Monday, October 18, 2021

Characterization of SARS-CoV-2 infections diagnosed after mRNA BNT162b2 vaccination

A team from the National Institute for Infectious Diseases “L. Spallanzani” (INMI) has recently reported their study on 94 severe acute respiratory syndrome coronavirus 2 (SARS-CoV-2) infections (47.9% symptomatic, 52.1% asymptomatic) that occurred after the first or second vaccine dose against SARS-CoV-2 in the Lazio region (Central Italy).

A preprint version of the study is available on the medRxiv* server while the article undergoes peer review.

What did the researchers do?

The team estimated viral load in symptomatic and asymptomatic post-vaccine infections via real-time RT-PCR of nasopharyngeal swabs (NPS) from individuals who had tested positive for SARS-CoV-2 after vaccination. They also carried out whole-genome sequencing for genomic characterization of SARS-CoV-2.

Detection of anti-nucleocapsid (N) and anti-receptor binding domain (RBD) spike immunoglobulin (IgG) and the evaluation of the neutralizing antibodies (nAb) titers was performed as a part of the serological characterization of SARS-CoV-2 infection.

What did the researchers find?

Of the 735,616 individuals who received one or two doses of Pfizer-BioNTech mRNA BNT162b2 vaccine in the Lazio region (Italy) during the three-month study period, only 0.3% tested positive for SARS-CoV-2. This provided evidence that vaccination substantially reduces the overall risk of transmission from vaccinated persons.

The majority of infections observed in vaccinated individuals had an asymptomatic or mild clinical course. Those with severe symptoms presented pre-existing co-morbidities and lower Ab levels compared to those who had an asymptomatic or mild presentation.

While representing a very small proportion (0.3%) of the vaccinated population, the team found that the post-vaccine infected individuals may still carry high viral loads in the upper respiratory tract.

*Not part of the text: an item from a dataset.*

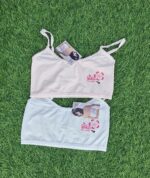2IN1 SHIS MULTICOLOR GIRLS BRA TOP/ABT08 - Image 6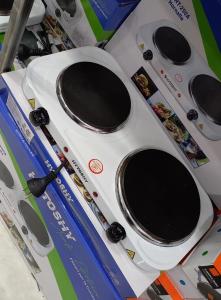 Anafe 2 Hornallas Electrico U-line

The team evaluated the viral genome sequence information for investigating the possible association of escape variants to increased vaccine failure. The temporal distribution of the variants in vaccinated individuals agreed with the pattern of strains circulating in the general population of the Lazio Region with the majority of infections caused by Alpha variant of concern (VOC) (B.1.1.7 lineage), followed by the previously predominant strain in Lazio Region, B.1.177 lineage, and by the Gamma VOC (P.1 lineage). This provided evidence that there was no vaccine-related immune escape.

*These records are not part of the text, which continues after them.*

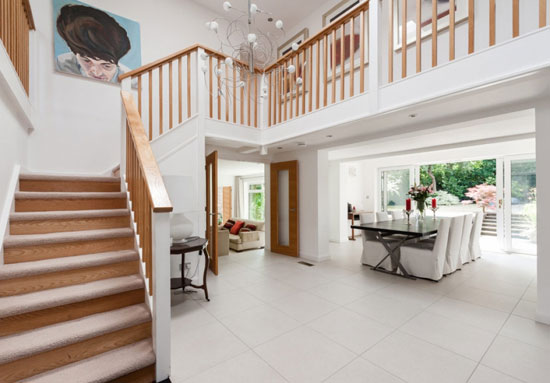 1970s E. G. Fisher & Associates-designed modernist property in Old Shepperton, Surrey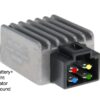 Naraku Jännitteensäädin, 2-riv. 4-liit, AC/DC (High-Output 100W)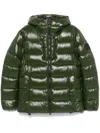 Save The Duck Maxime Puffer Jacket In Green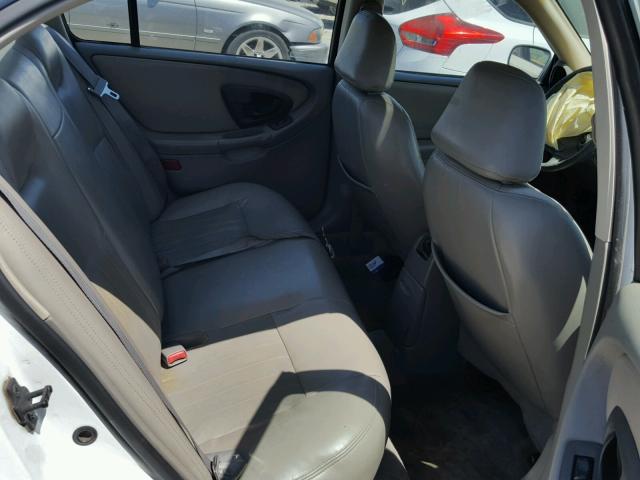 1G1NE52J63M539951 - 2003 CHEVROLET MALIBU LS 白色 照片 6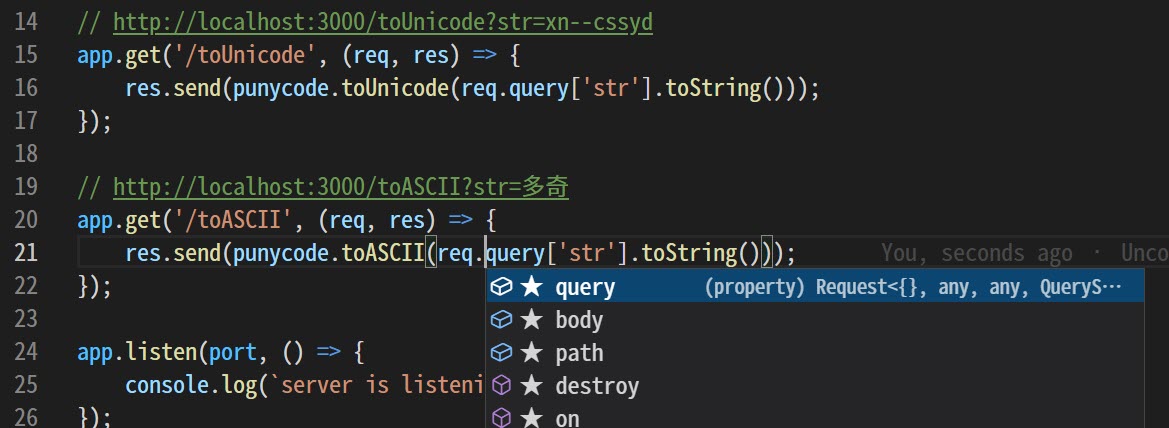 res.send(punycode.toASCII(req.query['str'].toString()));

In addition, evaluation of spike mutations in each lineage indicated no selection for enrichment of any particular mutation in fully vaccinated compared to incompletely vaccinated individuals.

Infectious virus was rescued from 52.4% NPS. However, no significant difference in culture positivity rates was found between symptomatic and asymptomatic groups. Likewise, no significant differences were found in the two groups when considering only a fully vaccinated population. The proportion of samples with low viral load (Ct values >30) in asymptomatic individuals (32.6%) was higher compared to the symptomatic patients (20.0%). However, it did not reach statistical significance.

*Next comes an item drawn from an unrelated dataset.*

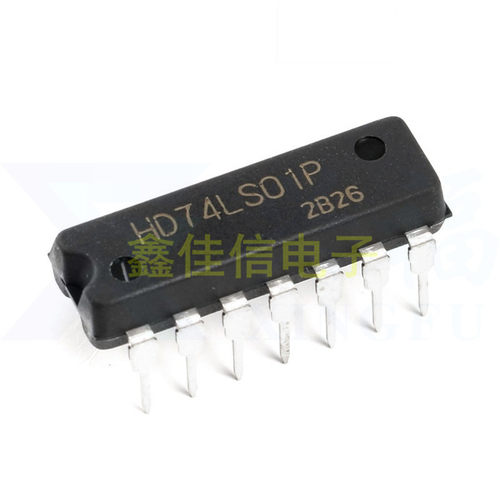 原装正品 直插 HD74LS01P SN74LS01N 输入端四与非门 DIP-14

Serologically, anti-RBD spike IgG response was detected in 96% of individuals at the time of infection diagnosis since the first vaccine dose. The majority (84.0%) of them also presented nAb; 66.7% of them, infected after second dose administration. Notably, the presence of nAb in serum did not impede virus isolation from NPS, but data showed a negative association of viral isolation rate with high nAb titers. The team did not observe any significant association between clinical course and the presence of high nAb titers.

Based on the findings that only 0.3% of post-vaccinated individuals contracted COVID-19 and the majority displayed an asymptomatic or mild clinical course, the researchers provide evidence for the overall vaccine effectiveness against coronavirus disease 2019 (COVID-19).

Nevertheless, as the SARS-CoV-2 vaccines do not confer sterilizing immunity, the researchers emphasize continued adherence to public health prevention measures for vaccinated individuals until herd immunity is reached.

The team successfully isolated infectious SARS-CoV-2 from the upper respiratory tract (URT) of symptomatic and asymptomatic vaccinated individuals. This finding has highlighted the potential role of post-vaccine infected individuals in infection transmission to a susceptible population.

Since the current study aimed to report the serological and virological characterization of SARS-CoV-2 in post-vaccination infections, the authors suggest considering their results on vaccine efficacy with utmost care and urge to evaluate similar studies on larger populations with other vaccine formulations.

medRxiv publishes preliminary scientific reports that are not peer-reviewed and, therefore, should not be regarded as conclusive, guide clinical practice/health-related behavior, or treated as established information.